Sat, 6 Dec 2008 Source: Akosah-Sarpong, Kofi

By Kofi Akosah-Sarpong

I am by inclination more of a centrist. That means I can mentally wheel around and become a contrarian but still circle around as centrist. It may sound complicated but you have to be a journalist who have seen a lot to have such a mind. As a trained journalist, with years of experience, this has helped me as a professional balancer, or, as they theorize in the profession, objective.

Save for as contended in the journalism, objectivity can be debatable depending on the philosophical position of the journalist or the nation he/she works in. The mind of the Canadian or Cuban journalist will be different from that of the Ghanaian journalist. It is this background that has lead me to rationalize that I am going up or down with Nana Akufo-Addo, the presidential candidate of the ruling New Patriotic Party (NPP).

The reasons? It is born out of the realities as national as well as it is regional. I am not talking about opinion polls or media consensus that it’s over for the main opposition National Democratic Congress (NDC)’s flagbearer, John Atta-Mills. I am talking about issues on the ground and how for the good part of Ghana’s corporate existence its elites have not thought about their country well enough to the point that it appears we have no thinkers who can think from within their cultural values to the global prosperity ideals – a view held by the rest of the world.

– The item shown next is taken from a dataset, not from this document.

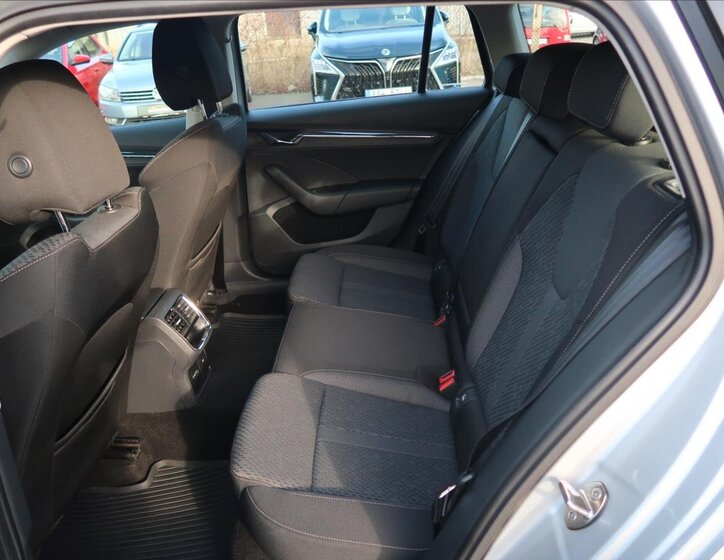 Škoda Octavia Kombi 2,0 l 110 kw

I shall not be part of this contrasting crew. I will go up or down with the Nana Akufo-Addo ship for his rich personal democratic struggles and the policies he has made based on the fact that he has shown credible grasp of Ghana as a development project. He seriously exudes deep inclinations for democratic growth as vehicle for progress. I have am enjoying such positive attributes as a Ghanaian-Canadian and wish such for my homeland Ghana. Akufo-Addo’s grip in tackling the economy, freedoms, democracy and cultural challenges will bode well for Ghana’s progress. There is no way in loosing one’s bearings in putting Akufo-Addo at the Golden House Jubilee.

Politics is more about comparison, and so is progress. First, the NDC, campaigns has been taken over by ex-President Jerry Rawlings and his wife, Nana Konadu Agyemang, instead of its flagbearer, John Atta-Mills, and his vice, John Mahama. Despite the Rawlingses pulling more crowds, they do not talk much sense, neither have they shown any detail grasp in solving Ghana’s development challenges. Sadly, this is despite being in power for almost 20 years.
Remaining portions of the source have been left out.